At Yar's we were shown into a private room; supper was served, champagne was brought. Viktor related to us, omitting no detail, how he had in a certain 'gay' house met this officer of the guards, a very nice chap and of good family, only without a hap'orth of brains; how they had made friends, how he, the officer that is, had suggested as a joke a game of 'fools' with Viktor with some old cards, for next to nothing, and with the condition that the officer's winnings should go to the benefit of Wilhelmina, but Viktor's to his own benefit; how afterwards they had got on to betting on the games.
'And I, and I,' cried Viktor, and he jumped up and clapped his hands, 'I hadn't more than six roubles in my pocket all the while. Fancy! And at first I was completely cleaned out.... A nice position! Only then—in answer to whose prayers I can't say—fortune smiled. The other fellow began to get hot and kept showing all his cards.... In no time he'd lost seven hundred and fifty roubles! He began begging me to go on playing, but I'm not quite a fool, I fancy; no, one mustn't abuse such luck; I popped on my hat and cut away. So now I've no need to eat humble pie with the governor, and can treat my friends.... Hi waiter! Another bottle! Gentlemen, let's clink glasses!'
We did clink glasses with Viktor, and continued drinking and laughing with him, though his story was by no means to our liking, nor was his society a source of any great satisfaction to us either. He began being very affable, playing the buffoon, unbending, in fact, and was more loathsome than ever. Viktor noticed at last the impression he was making on us, and began to get sulky; his remarks became more disconnected and his looks gloomier. He began yawning, announced that he was sleepy, and after swearing with his characteristic coarseness at the waiter for a badly cleaned pipe, he suddenly accosted Fustov, with a challenging expression on his distorted face.
'I say, Alexander Daviditch,' said he, 'you tell me, if you please, what do you look down on me for?'
'How so?' My friend was momentarily at a loss for a reply.
'I'll tell you how.... I'm very well aware that you look down on me, and that person does too' (he pointed at me with his finger), 'so there! As though you were yourself remarkable for such high and exalted principles, and weren't just as much a sinner as the rest of us. Worse even. Still waters... you know the proverb?'
Fustov turned rather red.
'What do you mean by that?' he asked.
'Why, I mean that I'm not blind yet, and I see very clearly everything that's going on under my nose.... And I have nothing against it: first it's not my principle to interfere, and secondly, my sister Susanna Ivanovna hasn't always been so exemplary herself.... Only, why look down on me?'
'You don't understand what you're babbling there yourself! You're drunk,' said Fustov, taking his overcoat from the wall. 'He's swindled some fool of his money, and now he's telling all sorts of lies!'
Viktor continued reclining on the sofa, and merely swung his legs, which were hanging over its arm.
'Swindled! Why did you drink the wine, then? It was paid for with the money I won, you know. As for lies, I've no need for lying. It's not my fault that in her past Susanna Ivanovna...'
'Hold your tongue!' Fustov shouted at him, 'hold your tongue... or...'
'You'll find out what. Come along, Piotr.'
'Aha!' pursued Viktor; 'our noble-hearted knight takes refuge in flight. He doesn't care to hear the truth, that's evident! It stings—the truth does, it seems!'
'Come along, Piotr,' Fustov repeated, completely losing his habitual coolness and self-possession.

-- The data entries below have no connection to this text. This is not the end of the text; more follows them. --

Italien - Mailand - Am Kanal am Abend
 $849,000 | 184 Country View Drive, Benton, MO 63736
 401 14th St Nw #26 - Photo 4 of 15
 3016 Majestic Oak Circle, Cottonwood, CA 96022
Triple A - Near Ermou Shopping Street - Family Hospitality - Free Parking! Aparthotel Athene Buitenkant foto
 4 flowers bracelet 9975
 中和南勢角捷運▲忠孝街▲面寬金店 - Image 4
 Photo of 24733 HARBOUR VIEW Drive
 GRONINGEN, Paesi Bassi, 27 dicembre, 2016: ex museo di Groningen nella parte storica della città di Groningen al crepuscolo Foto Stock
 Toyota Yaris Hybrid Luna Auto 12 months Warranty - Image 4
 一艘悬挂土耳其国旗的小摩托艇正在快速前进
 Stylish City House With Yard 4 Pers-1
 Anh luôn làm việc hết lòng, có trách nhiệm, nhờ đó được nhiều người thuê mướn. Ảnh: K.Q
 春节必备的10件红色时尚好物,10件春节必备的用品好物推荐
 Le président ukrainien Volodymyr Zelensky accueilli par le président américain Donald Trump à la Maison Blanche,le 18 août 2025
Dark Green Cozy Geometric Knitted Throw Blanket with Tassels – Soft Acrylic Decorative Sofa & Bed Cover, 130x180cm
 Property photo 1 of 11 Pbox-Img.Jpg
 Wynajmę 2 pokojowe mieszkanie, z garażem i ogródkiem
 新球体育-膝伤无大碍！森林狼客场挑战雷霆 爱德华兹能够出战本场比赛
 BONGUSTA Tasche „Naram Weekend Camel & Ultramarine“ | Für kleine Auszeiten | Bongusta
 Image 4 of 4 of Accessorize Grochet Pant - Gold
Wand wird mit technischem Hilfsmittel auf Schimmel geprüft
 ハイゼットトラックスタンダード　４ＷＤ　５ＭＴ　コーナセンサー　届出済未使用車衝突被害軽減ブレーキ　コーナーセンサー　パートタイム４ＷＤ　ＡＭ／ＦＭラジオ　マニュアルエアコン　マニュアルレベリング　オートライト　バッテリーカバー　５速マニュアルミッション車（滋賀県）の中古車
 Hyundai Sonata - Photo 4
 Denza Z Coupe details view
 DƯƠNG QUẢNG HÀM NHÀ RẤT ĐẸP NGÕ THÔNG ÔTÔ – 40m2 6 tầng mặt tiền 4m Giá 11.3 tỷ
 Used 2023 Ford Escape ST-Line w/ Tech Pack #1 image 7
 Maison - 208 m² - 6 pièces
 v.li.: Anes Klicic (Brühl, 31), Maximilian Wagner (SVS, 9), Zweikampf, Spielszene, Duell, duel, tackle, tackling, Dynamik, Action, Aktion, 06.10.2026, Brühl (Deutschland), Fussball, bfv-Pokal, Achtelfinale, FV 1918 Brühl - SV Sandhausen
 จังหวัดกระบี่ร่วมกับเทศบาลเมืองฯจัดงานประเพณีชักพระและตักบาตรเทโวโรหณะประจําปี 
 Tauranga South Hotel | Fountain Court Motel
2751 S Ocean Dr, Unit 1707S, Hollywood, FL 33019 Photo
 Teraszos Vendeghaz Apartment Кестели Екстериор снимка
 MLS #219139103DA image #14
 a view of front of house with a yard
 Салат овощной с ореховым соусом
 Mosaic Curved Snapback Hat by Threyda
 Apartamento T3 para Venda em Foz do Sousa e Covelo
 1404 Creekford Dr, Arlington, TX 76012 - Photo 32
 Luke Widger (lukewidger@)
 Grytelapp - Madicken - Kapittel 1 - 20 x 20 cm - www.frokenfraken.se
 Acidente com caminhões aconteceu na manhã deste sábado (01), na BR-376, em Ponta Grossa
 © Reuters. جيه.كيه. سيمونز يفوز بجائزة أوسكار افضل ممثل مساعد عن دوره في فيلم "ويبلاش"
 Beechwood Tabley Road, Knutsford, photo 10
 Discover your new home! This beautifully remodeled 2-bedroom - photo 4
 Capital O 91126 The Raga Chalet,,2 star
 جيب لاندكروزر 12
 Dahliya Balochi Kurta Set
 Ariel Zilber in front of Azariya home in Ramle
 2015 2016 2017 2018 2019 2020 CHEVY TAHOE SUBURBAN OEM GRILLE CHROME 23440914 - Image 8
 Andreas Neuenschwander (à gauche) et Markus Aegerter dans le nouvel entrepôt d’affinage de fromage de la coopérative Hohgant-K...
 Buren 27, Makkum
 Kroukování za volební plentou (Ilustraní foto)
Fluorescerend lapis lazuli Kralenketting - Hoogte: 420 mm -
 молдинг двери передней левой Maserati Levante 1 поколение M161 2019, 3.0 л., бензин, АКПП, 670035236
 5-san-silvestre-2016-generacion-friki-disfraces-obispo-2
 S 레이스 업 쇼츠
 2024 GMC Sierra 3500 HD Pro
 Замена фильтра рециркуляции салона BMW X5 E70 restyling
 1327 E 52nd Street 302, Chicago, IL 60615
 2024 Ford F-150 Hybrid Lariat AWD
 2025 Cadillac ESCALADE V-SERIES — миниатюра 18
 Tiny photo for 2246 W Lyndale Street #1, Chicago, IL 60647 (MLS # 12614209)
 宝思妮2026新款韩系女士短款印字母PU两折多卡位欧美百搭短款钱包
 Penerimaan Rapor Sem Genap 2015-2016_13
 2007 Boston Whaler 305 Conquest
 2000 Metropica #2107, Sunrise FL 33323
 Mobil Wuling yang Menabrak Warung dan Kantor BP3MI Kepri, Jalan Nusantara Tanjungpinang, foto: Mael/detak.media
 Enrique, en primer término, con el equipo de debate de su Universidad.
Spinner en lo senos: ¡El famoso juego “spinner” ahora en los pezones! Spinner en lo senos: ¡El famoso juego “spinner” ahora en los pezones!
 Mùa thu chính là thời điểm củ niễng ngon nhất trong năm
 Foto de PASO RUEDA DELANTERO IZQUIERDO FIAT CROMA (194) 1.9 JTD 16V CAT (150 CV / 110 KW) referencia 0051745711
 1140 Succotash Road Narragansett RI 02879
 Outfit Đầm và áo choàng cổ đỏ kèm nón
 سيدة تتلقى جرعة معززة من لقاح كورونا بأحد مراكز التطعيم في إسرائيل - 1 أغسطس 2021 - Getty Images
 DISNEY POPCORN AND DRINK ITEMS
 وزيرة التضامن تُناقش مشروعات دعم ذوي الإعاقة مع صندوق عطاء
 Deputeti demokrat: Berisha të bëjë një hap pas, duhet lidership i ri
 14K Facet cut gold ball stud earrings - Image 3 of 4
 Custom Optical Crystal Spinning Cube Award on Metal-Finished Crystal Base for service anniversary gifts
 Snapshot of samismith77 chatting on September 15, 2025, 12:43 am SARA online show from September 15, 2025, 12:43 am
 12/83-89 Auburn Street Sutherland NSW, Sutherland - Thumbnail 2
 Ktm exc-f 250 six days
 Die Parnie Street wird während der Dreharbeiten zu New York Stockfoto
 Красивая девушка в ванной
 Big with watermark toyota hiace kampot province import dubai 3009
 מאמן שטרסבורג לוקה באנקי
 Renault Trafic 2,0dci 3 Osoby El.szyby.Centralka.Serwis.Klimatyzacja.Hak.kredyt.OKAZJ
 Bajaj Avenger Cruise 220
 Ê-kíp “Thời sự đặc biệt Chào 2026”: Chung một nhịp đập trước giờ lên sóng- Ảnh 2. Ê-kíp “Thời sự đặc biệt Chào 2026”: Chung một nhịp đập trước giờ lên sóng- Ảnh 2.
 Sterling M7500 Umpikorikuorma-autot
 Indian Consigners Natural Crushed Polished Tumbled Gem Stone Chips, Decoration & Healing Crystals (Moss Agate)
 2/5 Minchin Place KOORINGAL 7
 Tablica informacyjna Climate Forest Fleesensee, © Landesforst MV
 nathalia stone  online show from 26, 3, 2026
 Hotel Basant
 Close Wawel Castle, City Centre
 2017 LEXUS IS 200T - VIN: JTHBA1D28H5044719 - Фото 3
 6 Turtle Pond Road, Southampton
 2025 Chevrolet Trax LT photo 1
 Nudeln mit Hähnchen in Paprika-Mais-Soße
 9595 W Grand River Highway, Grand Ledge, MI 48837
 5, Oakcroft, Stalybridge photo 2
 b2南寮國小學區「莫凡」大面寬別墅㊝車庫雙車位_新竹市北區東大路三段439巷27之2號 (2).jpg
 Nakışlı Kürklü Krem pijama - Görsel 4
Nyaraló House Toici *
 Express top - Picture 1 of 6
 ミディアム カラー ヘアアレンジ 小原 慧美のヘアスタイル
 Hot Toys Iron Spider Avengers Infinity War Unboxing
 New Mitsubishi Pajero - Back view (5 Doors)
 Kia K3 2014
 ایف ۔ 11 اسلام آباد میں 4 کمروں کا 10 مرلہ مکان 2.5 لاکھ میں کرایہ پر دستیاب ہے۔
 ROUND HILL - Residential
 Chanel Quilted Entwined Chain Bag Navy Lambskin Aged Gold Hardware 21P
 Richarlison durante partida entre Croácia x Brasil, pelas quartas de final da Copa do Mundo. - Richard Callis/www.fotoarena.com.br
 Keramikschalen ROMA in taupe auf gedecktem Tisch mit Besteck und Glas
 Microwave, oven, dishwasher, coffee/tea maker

'Let's leave this wretch of a boy!'
'The boy's not afraid of you, do you hear,' Viktor shouted after us, 'he despises you, the boy does! Do you hear!'
Fustov walked so quickly along the street that I had difficulty in keeping up with him. All at once he stopped short and turned sharply back.
'Where are you going?' I asked.
'Oh, I must find out what the idiot.... He's drunk, no doubt, God knows what.... Only don't you follow me... we shall see each other to-morrow. Good-bye!'
And hurriedly pressing my hand, Fustov set off towards Yar's hotel.
Next day I missed seeing Fustov; and on the day after that, on going to his rooms, I learned that he had gone into the country to his uncle's, near Moscow. I inquired if he had left no note for me, but no note was forth-coming. Then I asked the servant whether he knew how long Alexander Daviditch would be away in the country. 'A fortnight, or a little more, probably,' replied the man. I took at any rate Fustov's exact address, and sauntered home, meditating deeply. This unexpected absence from Moscow, in the winter, completed my utter perplexity. My good aunt observed to me at dinner that I seemed continually expecting something, and gazed at the cabbage pie as though I were beholding it for the first time in my life. 'Pierre, vous n'êtes pas amoureux?' she cried at last, having previously got rid of her companions. But I reassured her: no, I was not in love.